Unreal Troubles in the Unreal Engine
by William Terlop
There I was in the thick of making this game.. making magic happen.. when all of the sudden my character’s texture randomly became like a lit up Christmas tree. Bright, twinkling and beautiful. Did I accidentally change something? Was this my fault? I wasn’t sure I frantically looked through my source control to see if I made changes to the textures.. that wasn’t it.. I looked if I accidentally assigned something wrong.. that wasn’t it either.. I looked one last time at the blue prints I was using to see if somehow I was modifying something I shouldn’t. Another time I was play testing my game, and my character randomly turned into the UE4 Manikin.. again I searched high and low to see what I accidentally changed. Maybe I accidentally changed the skeleton, or the mesh, or deleted something. Again.. none of this was my fault.. well… sort of..
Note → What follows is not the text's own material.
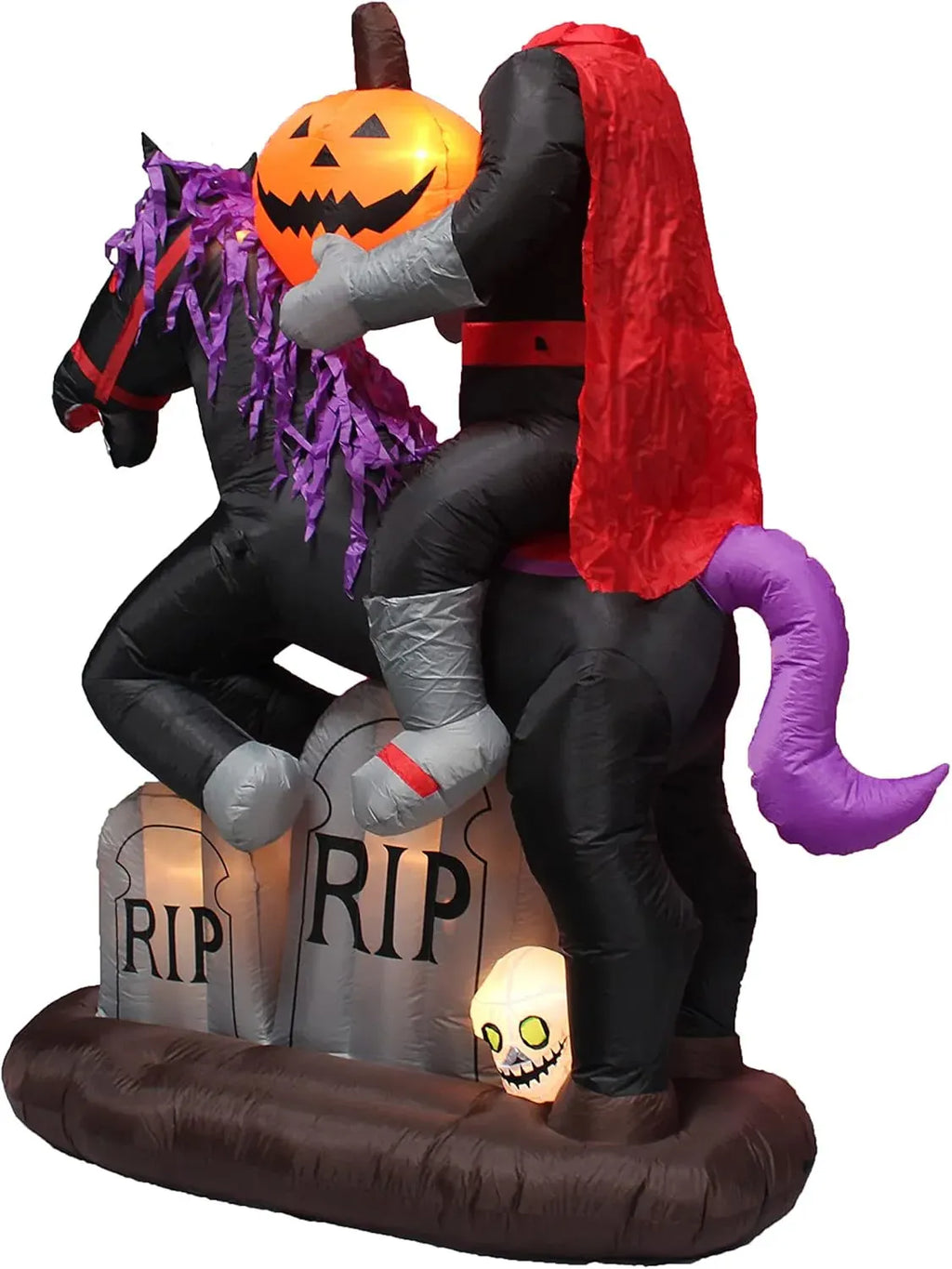 6.5 Foot Tall Lighted Halloween Inflatable Headless Horseman with Horse Tombstones Skull and Pumpkin Lights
Unreal Engine 5.1.0 has it’s issues. That’s the moral of this post. How did I fix the holiday texture issues (it’s not a bug it’s a feature..)? I restarted the editor. How did I manage to find my skeleton issue with the animation blueprint? I restarted the editor. These kinds of issues happened so often I wondered if I made the right choice in choosing the latest version of the editor. Ironically, I chose this version because on my machine in Unreal Engine 4, I had such bad graphical issues I could not navigate the interface. Don’t get me wrong there were some issues that were my own fault, but thats where version control really saved me. I cannot stress enough how important version control is. Perforce and Unreal make it extremely easy to catch small mistakes and revert files. Just be sure you are committing you changes often!
I know that Unreal Engine 5.1.0 is new. These are just some issues I ran into.. maybe you are experiencing them right now and found this blog. If you are do what I did and restart the editor!